Q1: From Pair to Calculator

Write out the Calculator expression with proper syntax that corresponds to the following Pair constructor calls. Also, draw out a box and pointer diagram corresponding to each input.

>>> Pair('+', Pair(1, Pair(2, Pair(3, Pair(4, nil)))))

>>> Pair('+', Pair(1, Pair(Pair('*', Pair(2, Pair(3, nil))), nil)))

Q2: Using Pair

Answer the following questions about a Pair instance representing the Calculator expression (+ (- 2 4) 6 8).

Write out the Python expression that returns a Pair representing the given expression:

Draw a box and pointer diagram corresponding to the Pair:

.
.
.
.

(Unfortunately, our website does not yet support drawing box-and-pointer diagrams, but you or your TA may wish to draw in the above space with Zoom or other annotation software)

What is the operator of the call expression?

If the Pair you constructed in the previous part was bound to the name p, how would you retrieve the operator?

What are the operands of the call expression?

If the Pair you constructed was bound to the name p, how would you retrieve a list containing all of the operands?

How would you retrieve only the first operand?

Evaluation

The evaluation component of an interpreter determines the type of an expression and executes corresponding evaluation rules.

Here are the evaluation rules for the three types of Calculator expressions:

Numbers are self-evaluating, and can be thought of as primitives. For example, the numbers 3.14 and 165 just evaluate to themselves.
Names are looked up in the OPERATORS dictionary. In this dictionary, each name (e.g. '+') is bound to a corresponding function in Python that does the appropriate operation on a list of numbers (e.g. sum).
Call expressions are evaluated the same way you've been doing them all semester:
1. Evaluate the operator, which evaluates to a function.
2. Evaluate the operands from left to right.
3. Apply the function to the value of the operands.

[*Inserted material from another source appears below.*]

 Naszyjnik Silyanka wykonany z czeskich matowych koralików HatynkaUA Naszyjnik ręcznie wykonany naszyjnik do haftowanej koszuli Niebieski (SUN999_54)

The function calc_eval takes in a Calculator expression represented in Python and implements each of these rules:

def calc_eval(exp):
    """Evaluates a Calculator expression represented as a Pair."""
    if isinstance(exp, Pair): # Call expressions
        fn = calc_eval(exp.first)
        args = list(exp.rest.map(calc_eval))
        return calc_apply(fn, args)
    elif exp in OPERATORS:    # Names
        return OPERATORS[exp]
    else:                     # Numbers
        return exp

calc_eval is recursive! In order to evaluate call expressions, we must call calc_eval on the operator and each of the operands.

The apply step in the Calculator language is straight-forward since we only have primitive procedures. This step will be more complex in the Scheme project since the procedures may include user-defined procedures.

Given the Python function that implements the appropriate Calculator operation and a Python list of numbers, the calc_apply function simply calls the function on the arguments, and regular Python evaluation rules take place.

def calc_apply(fn, args):
    """Applies a Calculator operation to a list of numbers."""
    return fn(args)

Questions

Q3: Counting Eval and Apply

How many calls to calc_eval and calc_apply would it take to evaluate each of the following Calculator expressions?

> (+ 2 4 6 8)

> (+ 2 (* 4 (- 6 8)))

Q4: New Operators

Suppose we want to add handling for comparison operators >, <, and = as well as and expressions to our Calculator interpreter. These should work the same way they do in Scheme.

calc> (and (= 1 1) 3)
3
calc> (and (+ 1 0) (< 1 0) (/ 1 0))
#f

i. Are we able to handle expressions containing the comparison operators (such as <, >, or =) with the existing implementation of calc_eval? Why or why not?

ii. Are we able to handle and expressions with the existing implementation of calc_eval? Why or why not?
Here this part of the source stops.